On the whole, I find this a reasonable approach to presentation. Certainly, the IBM PC is the single most important platform for hosting applications, and Western Europe is the single most approachable follow-on market for many existing applications. It is fitting to focus on this particular combination and give others shorter shrift. But I must say that Part 4: Business Aspects is rather lame. It is an arm-waving overview of issues, few of which are discussed in adequate depth.
I began reading Part 1: Issues, with considerable interest. The authors discuss all the cultural surprises, large and small, that bite the naive programmer who first ventures into new cultures. There are obvious issues like extra characters with funny pigeon droppings on them. Not so obvious are all the interesting ways that cultures have adopted to format times, dates, and currency amounts. Downright subtle are the rules (often unarticulated) for ordering words in dictionaries and names in telephone books.

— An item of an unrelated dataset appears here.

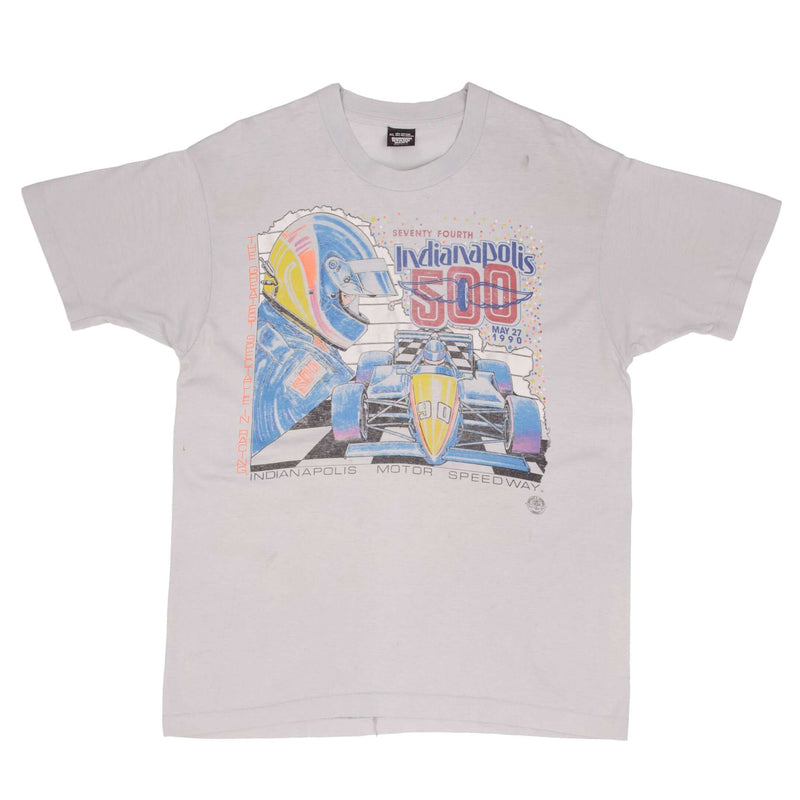 Vintage Indy Car Racing Indianapolis 500 1990 Tee Shirt Size Large Made In USA With Single Stitch Sleeves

I almost enjoyed this part, except for a few niggling concerns. The first is that the authors seem unaware that all the problems they outline exist in some form well inside the borders of the good old US of A. We have subcultures of our own, thank you, ones large enough to justify tailored software packages. Documents use far more than the 95 characters of ASCII. Military and civilian times have different formats. Accountants have their own ideas about how to represent currency losses. And there are more ways to order text than are dreamed of in your philosophy.
The second concern is that the authors seem more bent on complexifying than on presenting a unifying framework for internationalizing software. (Much of the traffic on the WG20 reflector is also of this "betcha didn't know" variety, reveling in such esoterica as the changing rules for ordering the dipthong ij in Dutch.) It is sobering to note that cultures are endlessly inventive, but that doesn't meet our needs as software designers. We need to know how much adaptation will make people happy. My bet is that the world is a) starved for software that meets folks even halfway; and b) more tolerant than you'd expect of new conventions, particularly if they look to be usable worldwide.

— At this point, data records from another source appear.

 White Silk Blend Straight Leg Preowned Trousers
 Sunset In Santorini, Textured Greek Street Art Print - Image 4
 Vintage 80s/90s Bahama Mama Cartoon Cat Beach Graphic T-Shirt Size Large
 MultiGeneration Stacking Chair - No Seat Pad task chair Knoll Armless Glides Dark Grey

The third concern took root near the end of Part 1, blossomed in Part 2, and exploded riotously by the end of the book. This concoction is chock full of errors. I'm not even talking about errors the authors may have copied from various reference manuals they wisely begin with a disclaimer on that topic. Rather, I mean errors that show the authors' shallow research and general ignorance of programming.
At first it was a small thing. On page 30, the book tells us that "the term GMT is gradually being replaced by UCT, Universal Coordinated Time." The name is right but the initials should be UTC. (Don't ask why.) A small slip, as is the typo on the next page. But then I started paying closer attention, and chasing terms I knew well through the index. I soon learned that:
Page 210 also has the most confused, and erroneous, description of object-oriented code you're likely to hear outside of a marketing-department pep rally. I'd quote it for your enjoyment, but I think you should get the drift by now.
- VAX/VMS is a variety of UNIX (page 97), probably to the great surprise of Digital who wrote it as a counter to UNIX (or in indifference to that system, depending on whom you believe)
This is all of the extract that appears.